(Aim of the task)
Look below for the line containing "S-100229 Calenta A/U Schak." and the line containing "Alcancemos las estrellas Violetta"; repeat exactly those two lines and all lines between them, and nothing else.

(Data listing)
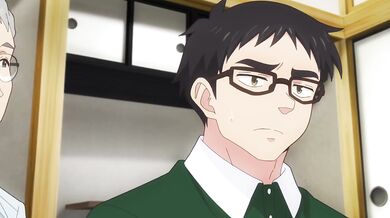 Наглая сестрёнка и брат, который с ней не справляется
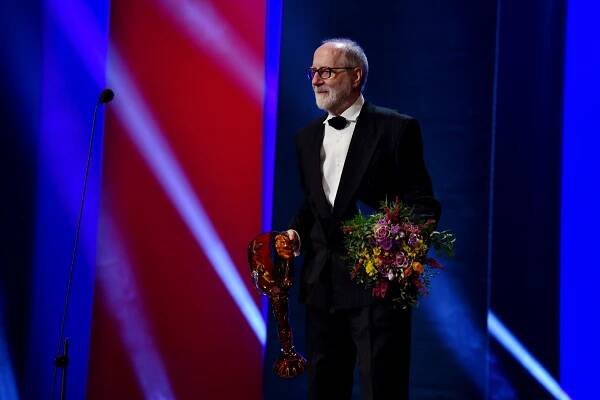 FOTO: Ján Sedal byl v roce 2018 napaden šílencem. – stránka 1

--

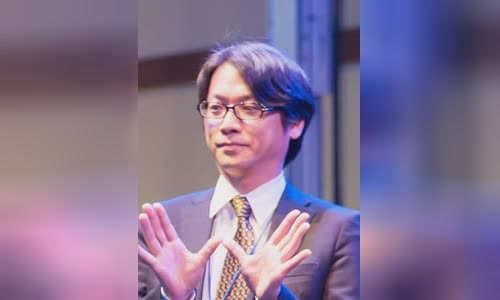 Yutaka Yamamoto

* * *

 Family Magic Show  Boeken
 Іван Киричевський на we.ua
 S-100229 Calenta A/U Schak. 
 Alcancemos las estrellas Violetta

(Answer space)
 S-100229 Calenta A/U Schak. 
 Alcancemos las estrellas Violetta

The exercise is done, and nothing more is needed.